La bi milenaria historia de la
Iglesia está iluminada de santos y santas, cuya existencia es signo elocuente
de cómo propiamente de la comunión con el Señor, de la Eucaristía nace una
nueva e intensa asunción de responsabilidad a todos los niveles de la vida
comunitaria, nace entonces un desarrollo social positivo, que cuyo centro es la
persona, especialmente aquella pobre, enferma o necesitada.

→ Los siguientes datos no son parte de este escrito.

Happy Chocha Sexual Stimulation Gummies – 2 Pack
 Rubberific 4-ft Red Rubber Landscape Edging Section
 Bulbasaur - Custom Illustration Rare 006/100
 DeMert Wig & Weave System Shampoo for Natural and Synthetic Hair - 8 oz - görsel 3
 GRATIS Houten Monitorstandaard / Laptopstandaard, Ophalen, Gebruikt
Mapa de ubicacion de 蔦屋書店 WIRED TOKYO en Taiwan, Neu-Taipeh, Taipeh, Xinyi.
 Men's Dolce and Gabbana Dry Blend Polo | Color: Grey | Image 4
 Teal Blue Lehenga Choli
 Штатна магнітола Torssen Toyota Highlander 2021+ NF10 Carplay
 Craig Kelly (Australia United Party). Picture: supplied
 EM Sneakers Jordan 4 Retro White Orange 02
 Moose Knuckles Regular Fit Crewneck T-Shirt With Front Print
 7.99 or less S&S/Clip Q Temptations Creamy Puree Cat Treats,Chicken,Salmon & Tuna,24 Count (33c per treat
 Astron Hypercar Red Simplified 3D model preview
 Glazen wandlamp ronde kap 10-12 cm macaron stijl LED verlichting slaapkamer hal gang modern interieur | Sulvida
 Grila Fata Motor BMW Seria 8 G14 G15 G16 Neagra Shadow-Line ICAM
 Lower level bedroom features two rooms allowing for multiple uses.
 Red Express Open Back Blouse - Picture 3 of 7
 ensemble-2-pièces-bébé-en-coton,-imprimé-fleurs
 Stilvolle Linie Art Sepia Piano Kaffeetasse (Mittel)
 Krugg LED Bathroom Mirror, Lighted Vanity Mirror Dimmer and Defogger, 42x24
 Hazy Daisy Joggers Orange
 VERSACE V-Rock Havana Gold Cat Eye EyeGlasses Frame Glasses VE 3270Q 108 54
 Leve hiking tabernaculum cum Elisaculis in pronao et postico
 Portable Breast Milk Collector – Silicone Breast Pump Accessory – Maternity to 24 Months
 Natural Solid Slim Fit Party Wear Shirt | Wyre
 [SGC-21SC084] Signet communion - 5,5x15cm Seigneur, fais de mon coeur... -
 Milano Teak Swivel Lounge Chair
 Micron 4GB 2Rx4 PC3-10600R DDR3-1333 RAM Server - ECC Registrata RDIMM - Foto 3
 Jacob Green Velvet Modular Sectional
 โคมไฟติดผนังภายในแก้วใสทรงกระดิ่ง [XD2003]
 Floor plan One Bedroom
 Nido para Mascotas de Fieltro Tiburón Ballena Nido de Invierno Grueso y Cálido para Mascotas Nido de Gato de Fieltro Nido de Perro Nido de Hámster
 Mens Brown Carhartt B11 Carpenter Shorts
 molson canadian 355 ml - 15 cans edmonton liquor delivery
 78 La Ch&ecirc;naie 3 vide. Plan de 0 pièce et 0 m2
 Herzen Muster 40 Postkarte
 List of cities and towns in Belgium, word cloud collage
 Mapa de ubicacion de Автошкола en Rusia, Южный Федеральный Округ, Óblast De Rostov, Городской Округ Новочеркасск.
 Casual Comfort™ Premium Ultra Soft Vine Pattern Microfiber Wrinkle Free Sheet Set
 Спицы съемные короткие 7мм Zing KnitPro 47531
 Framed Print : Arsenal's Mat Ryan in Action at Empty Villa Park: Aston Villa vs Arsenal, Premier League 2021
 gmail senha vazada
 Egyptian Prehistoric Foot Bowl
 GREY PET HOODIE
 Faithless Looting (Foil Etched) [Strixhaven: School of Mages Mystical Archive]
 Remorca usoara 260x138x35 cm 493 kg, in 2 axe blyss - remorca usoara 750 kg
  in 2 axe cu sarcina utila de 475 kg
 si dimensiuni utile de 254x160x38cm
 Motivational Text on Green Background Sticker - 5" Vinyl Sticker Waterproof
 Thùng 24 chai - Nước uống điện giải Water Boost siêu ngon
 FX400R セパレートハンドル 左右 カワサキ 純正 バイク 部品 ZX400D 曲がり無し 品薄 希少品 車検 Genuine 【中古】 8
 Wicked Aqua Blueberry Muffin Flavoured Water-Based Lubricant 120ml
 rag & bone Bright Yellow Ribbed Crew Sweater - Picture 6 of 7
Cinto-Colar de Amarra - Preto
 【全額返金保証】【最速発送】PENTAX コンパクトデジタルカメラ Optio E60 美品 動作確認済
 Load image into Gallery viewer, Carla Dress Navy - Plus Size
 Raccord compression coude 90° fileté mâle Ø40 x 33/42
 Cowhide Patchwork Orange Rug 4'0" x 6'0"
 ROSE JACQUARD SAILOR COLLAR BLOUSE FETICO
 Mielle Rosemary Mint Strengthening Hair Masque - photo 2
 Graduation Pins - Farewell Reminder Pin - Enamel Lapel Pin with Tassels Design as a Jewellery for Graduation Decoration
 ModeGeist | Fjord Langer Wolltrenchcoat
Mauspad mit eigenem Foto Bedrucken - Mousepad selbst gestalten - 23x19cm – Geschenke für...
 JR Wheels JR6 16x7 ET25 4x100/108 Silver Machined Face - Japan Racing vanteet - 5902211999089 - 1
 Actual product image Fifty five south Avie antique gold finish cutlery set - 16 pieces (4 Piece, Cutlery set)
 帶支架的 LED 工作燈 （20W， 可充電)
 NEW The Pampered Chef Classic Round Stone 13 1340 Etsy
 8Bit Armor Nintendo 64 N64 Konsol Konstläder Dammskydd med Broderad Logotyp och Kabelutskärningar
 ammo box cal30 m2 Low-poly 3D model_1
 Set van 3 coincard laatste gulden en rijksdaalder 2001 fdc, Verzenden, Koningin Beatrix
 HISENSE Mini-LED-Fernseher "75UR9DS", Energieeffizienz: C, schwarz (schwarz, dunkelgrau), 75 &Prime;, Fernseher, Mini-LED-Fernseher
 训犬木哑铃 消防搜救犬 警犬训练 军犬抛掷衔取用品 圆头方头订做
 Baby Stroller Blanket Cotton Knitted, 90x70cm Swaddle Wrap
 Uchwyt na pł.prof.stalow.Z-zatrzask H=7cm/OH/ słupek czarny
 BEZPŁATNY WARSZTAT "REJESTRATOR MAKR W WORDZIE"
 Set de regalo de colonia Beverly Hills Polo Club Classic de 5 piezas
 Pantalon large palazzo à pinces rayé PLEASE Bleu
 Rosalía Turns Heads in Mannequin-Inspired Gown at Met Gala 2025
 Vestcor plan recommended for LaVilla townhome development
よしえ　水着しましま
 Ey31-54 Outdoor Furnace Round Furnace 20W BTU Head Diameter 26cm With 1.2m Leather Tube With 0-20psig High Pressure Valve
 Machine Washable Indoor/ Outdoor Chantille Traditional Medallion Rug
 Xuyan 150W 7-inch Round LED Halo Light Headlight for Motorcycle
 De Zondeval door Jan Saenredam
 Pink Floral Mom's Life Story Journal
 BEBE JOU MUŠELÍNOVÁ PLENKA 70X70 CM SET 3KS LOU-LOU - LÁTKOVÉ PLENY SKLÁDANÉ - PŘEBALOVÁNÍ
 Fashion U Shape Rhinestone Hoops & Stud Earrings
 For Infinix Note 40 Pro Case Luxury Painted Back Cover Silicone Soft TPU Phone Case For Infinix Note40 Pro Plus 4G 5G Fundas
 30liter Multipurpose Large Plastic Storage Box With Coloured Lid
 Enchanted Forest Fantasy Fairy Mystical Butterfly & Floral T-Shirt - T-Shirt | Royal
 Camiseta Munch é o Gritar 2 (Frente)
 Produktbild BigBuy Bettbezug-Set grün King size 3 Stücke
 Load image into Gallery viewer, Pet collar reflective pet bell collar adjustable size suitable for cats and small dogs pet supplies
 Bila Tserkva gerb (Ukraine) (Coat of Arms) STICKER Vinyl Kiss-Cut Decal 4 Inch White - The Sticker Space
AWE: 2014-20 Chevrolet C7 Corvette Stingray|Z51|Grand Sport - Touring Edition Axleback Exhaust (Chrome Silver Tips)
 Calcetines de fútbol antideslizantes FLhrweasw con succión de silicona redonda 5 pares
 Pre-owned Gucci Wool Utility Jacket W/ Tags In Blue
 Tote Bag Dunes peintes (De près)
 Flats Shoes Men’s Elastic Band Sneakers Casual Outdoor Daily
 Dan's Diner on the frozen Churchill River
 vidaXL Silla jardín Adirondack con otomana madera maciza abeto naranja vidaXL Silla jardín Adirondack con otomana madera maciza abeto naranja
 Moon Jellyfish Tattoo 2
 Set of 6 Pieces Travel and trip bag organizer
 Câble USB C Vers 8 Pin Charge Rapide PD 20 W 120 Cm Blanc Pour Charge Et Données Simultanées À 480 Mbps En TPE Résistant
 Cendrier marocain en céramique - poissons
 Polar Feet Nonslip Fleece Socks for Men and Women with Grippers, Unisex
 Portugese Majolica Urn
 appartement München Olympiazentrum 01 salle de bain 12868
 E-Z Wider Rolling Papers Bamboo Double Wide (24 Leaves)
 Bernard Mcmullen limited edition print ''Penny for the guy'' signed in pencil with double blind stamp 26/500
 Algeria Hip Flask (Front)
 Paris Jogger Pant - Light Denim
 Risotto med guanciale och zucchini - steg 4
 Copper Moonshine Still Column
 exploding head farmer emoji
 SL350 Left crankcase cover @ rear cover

Nutrirse de Cristo
es el camino para no permanecer extraños o indiferentes a la suerte de los
hermanos, para entrar en la misma lógica de amor y de donación del sacrificio
de la Cruz; quien sabe arrodillarse delante de la Eucaristía, quien recibe el
cuerpo del Señor no puede no estar atento, en la trama ordinaria de los días, a
las situaciones indignas del hombre, y sabe inclinarse en primera persona sobre
el necesitado, sabe partir el propio pan con el hambriento, compartir el agua
con el sediento, vestir al que esta desnudo, visitar al enfermo y al
encarcelado (cfr Mt 25,34-36). En cada persona sabrá ver al mismo Señor que no
ha dudado en darse a sí mismo por nosotros y por nuestra salvación. Una
espiritualidad eucarística, ahora, es verdadero antídoto al individualismo y al
egoísmo que tantas veces caracterizan la vida cotidiana, lleva al
redescubrimiento de la gratuidad, de la centralidad de las relaciones, a partir
de la familia, con particular atención a aliviar las heridas de aquellas
disgregadas. Una espiritualidad eucarística es el alma de una comunidad
eclesial que supera las divisiones y contraposiciones y valoriza la diversidad
de los carismas y ministerios, poniéndolos al servicio de la unidad de la
Iglesia, de su vitalidad y de su misión. Una espiritualidad eucarística es camino
para restituir dignidad a los días del hombre y, por tanto, a su trabajo, en la
búsqueda de su conciliación con los tiempos de fiesta y de la familia, en el
empeño de superar la incertidumbre de la precariedad del trabajo y el problema
de la desocupación. Una espiritualidad eucarística nos ayudará también a
acercarnos a las diversas formas de fragilidad humana, concientes de que ella
no ofusca el valor de la persona, pero requiere proximidad, acogida y ayuda.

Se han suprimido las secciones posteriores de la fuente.